INSTRUCTIONS TO FOLLOW:
Set each entry down verbatim, omitting images.

........

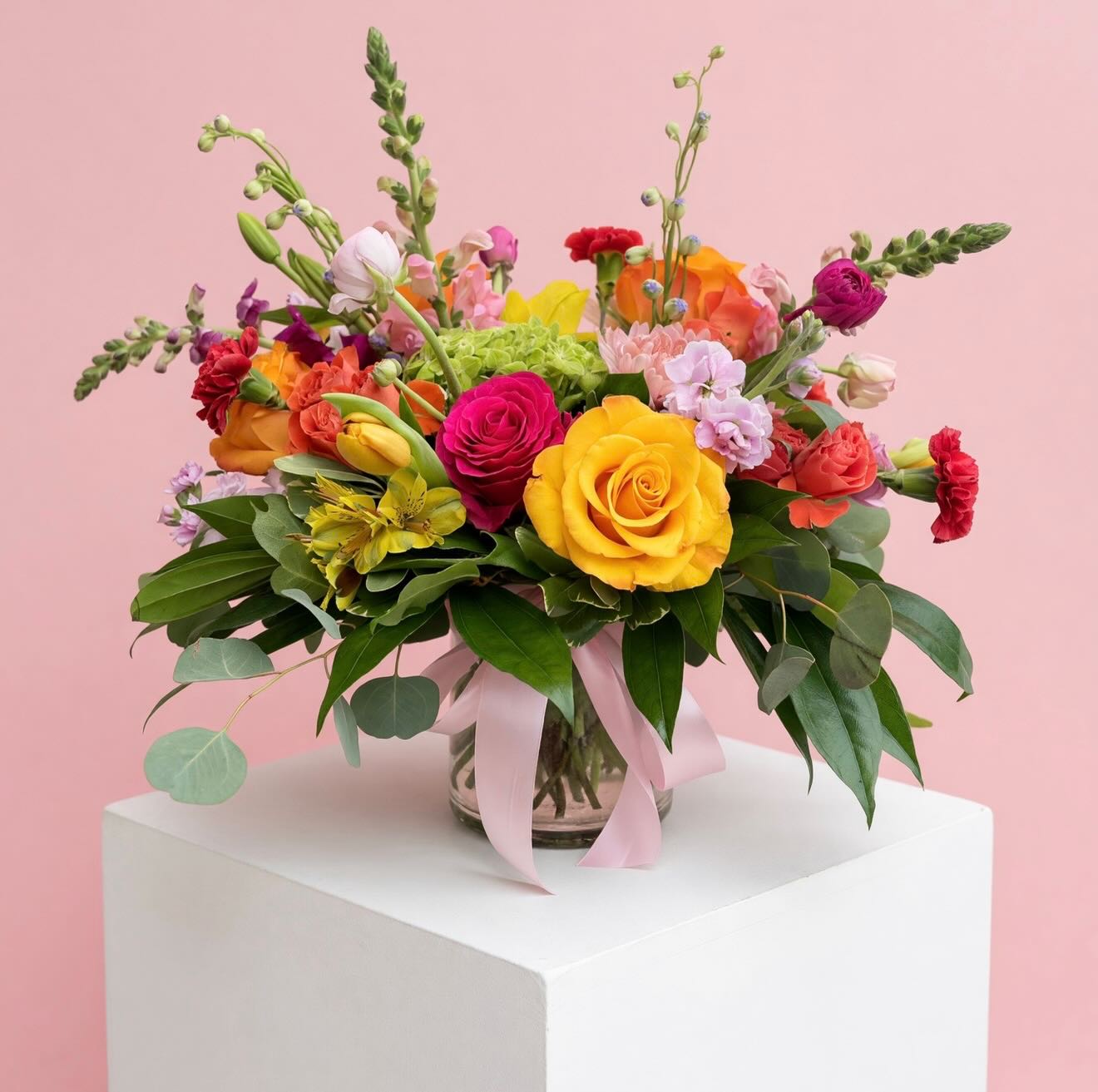 Celebrate Mom this Mother’s Day! 

Say it with flowers—beautiful, fresh, and made with love.

Order early to make her day bloom!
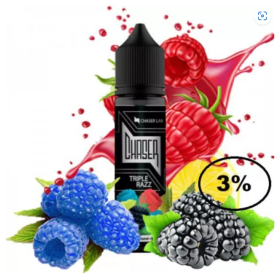 Жидкость Chaser Organic Black Triple Razz (Малина Лимон) 60мл 3% Felix Shop
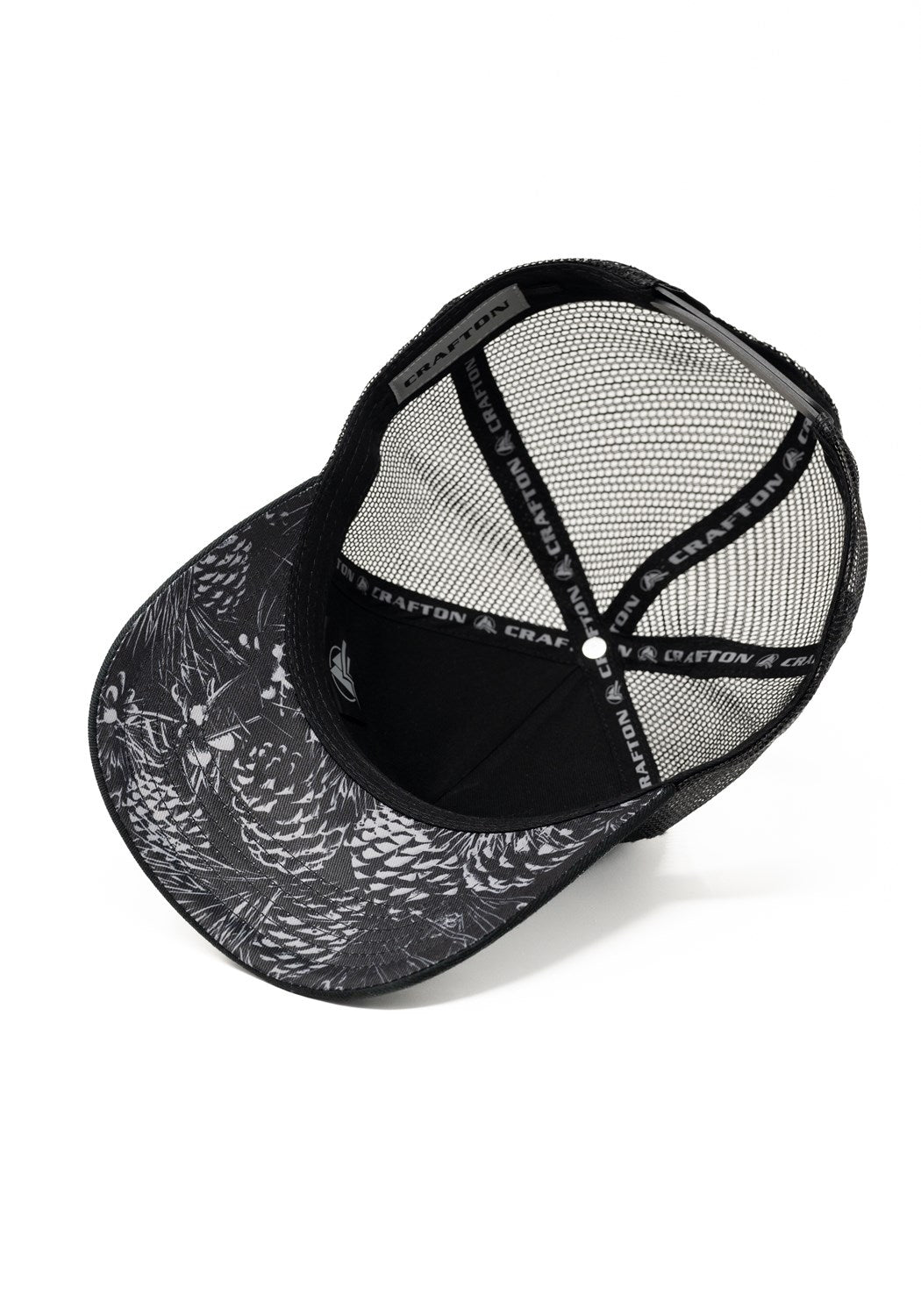 CRCLASSIC LOGO Trucker Cap blk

........

OUTPUT FOR THIS EXERCISE:
 Celebrate Mom this Mother’s Day! 

Say it with flowers—beautiful, fresh, and made with love.

Order early to make her day bloom!
 Жидкость Chaser Organic Black Triple Razz (Малина Лимон) 60мл 3% Felix Shop
 CRCLASSIC LOGO Trucker Cap blk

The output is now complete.